**TASK TO COMPLETE:**
Once the data has been read, return all of it precisely as written.

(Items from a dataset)
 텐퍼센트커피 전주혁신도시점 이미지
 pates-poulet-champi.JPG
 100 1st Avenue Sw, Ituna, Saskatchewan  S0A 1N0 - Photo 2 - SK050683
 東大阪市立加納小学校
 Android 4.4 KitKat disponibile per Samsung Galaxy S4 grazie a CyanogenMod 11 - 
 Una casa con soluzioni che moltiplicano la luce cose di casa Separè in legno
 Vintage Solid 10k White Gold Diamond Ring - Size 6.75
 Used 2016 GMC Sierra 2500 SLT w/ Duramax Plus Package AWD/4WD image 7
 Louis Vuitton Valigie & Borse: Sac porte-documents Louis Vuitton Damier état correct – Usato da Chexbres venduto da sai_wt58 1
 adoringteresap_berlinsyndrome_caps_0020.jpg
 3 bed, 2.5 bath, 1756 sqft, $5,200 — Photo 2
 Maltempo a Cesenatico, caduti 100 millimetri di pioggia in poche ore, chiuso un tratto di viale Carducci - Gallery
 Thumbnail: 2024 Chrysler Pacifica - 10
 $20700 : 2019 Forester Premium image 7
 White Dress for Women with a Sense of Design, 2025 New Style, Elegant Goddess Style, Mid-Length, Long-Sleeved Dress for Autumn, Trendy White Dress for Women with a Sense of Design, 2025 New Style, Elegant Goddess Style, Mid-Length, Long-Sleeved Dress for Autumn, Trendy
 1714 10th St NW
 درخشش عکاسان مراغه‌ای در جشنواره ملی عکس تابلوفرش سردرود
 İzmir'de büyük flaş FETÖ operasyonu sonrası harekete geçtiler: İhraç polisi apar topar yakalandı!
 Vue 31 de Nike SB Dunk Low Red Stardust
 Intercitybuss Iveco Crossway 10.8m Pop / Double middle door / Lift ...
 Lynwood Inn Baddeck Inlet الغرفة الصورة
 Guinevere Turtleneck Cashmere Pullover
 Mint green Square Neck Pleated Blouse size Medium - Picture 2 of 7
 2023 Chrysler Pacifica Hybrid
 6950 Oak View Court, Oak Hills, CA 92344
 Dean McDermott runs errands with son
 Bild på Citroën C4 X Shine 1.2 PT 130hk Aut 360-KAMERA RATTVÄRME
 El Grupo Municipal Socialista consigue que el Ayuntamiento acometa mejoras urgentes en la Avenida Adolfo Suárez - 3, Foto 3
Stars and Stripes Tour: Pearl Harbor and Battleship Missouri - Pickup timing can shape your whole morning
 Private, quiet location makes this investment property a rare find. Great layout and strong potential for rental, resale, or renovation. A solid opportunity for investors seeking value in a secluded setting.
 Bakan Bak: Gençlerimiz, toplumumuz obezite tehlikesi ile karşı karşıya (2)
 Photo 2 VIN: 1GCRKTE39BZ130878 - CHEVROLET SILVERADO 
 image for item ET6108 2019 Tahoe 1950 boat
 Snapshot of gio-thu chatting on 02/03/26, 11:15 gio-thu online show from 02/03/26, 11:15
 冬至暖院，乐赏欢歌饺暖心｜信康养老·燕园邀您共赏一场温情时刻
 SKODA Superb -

**TASK SOLUTION:**
 텐퍼센트커피 전주혁신도시점 이미지
 pates-poulet-champi.JPG
 100 1st Avenue Sw, Ituna, Saskatchewan  S0A 1N0 - Photo 2 - SK050683
 東大阪市立加納小学校
 Android 4.4 KitKat disponibile per Samsung Galaxy S4 grazie a CyanogenMod 11 - 
 Una casa con soluzioni che moltiplicano la luce cose di casa Separè in legno
 Vintage Solid 10k White Gold Diamond Ring - Size 6.75
 Used 2016 GMC Sierra 2500 SLT w/ Duramax Plus Package AWD/4WD image 7
 Louis Vuitton Valigie & Borse: Sac porte-documents Louis Vuitton Damier état correct – Usato da Chexbres venduto da sai_wt58 1
 adoringteresap_berlinsyndrome_caps_0020.jpg
 3 bed, 2.5 bath, 1756 sqft, $5,200 — Photo 2
 Maltempo a Cesenatico, caduti 100 millimetri di pioggia in poche ore, chiuso un tratto di viale Carducci - Gallery
 Thumbnail: 2024 Chrysler Pacifica - 10
 $20700 : 2019 Forester Premium image 7
 White Dress for Women with a Sense of Design, 2025 New Style, Elegant Goddess Style, Mid-Length, Long-Sleeved Dress for Autumn, Trendy White Dress for Women with a Sense of Design, 2025 New Style, Elegant Goddess Style, Mid-Length, Long-Sleeved Dress for Autumn, Trendy
 1714 10th St NW
 درخشش عکاسان مراغه‌ای در جشنواره ملی عکس تابلوفرش سردرود
 İzmir'de büyük flaş FETÖ operasyonu sonrası harekete geçtiler: İhraç polisi apar topar yakalandı!
 Vue 31 de Nike SB Dunk Low Red Stardust
 Intercitybuss Iveco Crossway 10.8m Pop / Double middle door / Lift ...
 Lynwood Inn Baddeck Inlet الغرفة الصورة
 Guinevere Turtleneck Cashmere Pullover
 Mint green Square Neck Pleated Blouse size Medium - Picture 2 of 7
 2023 Chrysler Pacifica Hybrid
 6950 Oak View Court, Oak Hills, CA 92344
 Dean McDermott runs errands with son
 Bild på Citroën C4 X Shine 1.2 PT 130hk Aut 360-KAMERA RATTVÄRME
 El Grupo Municipal Socialista consigue que el Ayuntamiento acometa mejoras urgentes en la Avenida Adolfo Suárez - 3, Foto 3
Stars and Stripes Tour: Pearl Harbor and Battleship Missouri - Pickup timing can shape your whole morning
 Private, quiet location makes this investment property a rare find. Great layout and strong potential for rental, resale, or renovation. A solid opportunity for investors seeking value in a secluded setting.
 Bakan Bak: Gençlerimiz, toplumumuz obezite tehlikesi ile karşı karşıya (2)
 Photo 2 VIN: 1GCRKTE39BZ130878 - CHEVROLET SILVERADO 
 image for item ET6108 2019 Tahoe 1950 boat
 Snapshot of gio-thu chatting on 02/03/26, 11:15 gio-thu online show from 02/03/26, 11:15
 冬至暖院，乐赏欢歌饺暖心｜信康养老·燕园邀您共赏一场温情时刻
 SKODA Superb -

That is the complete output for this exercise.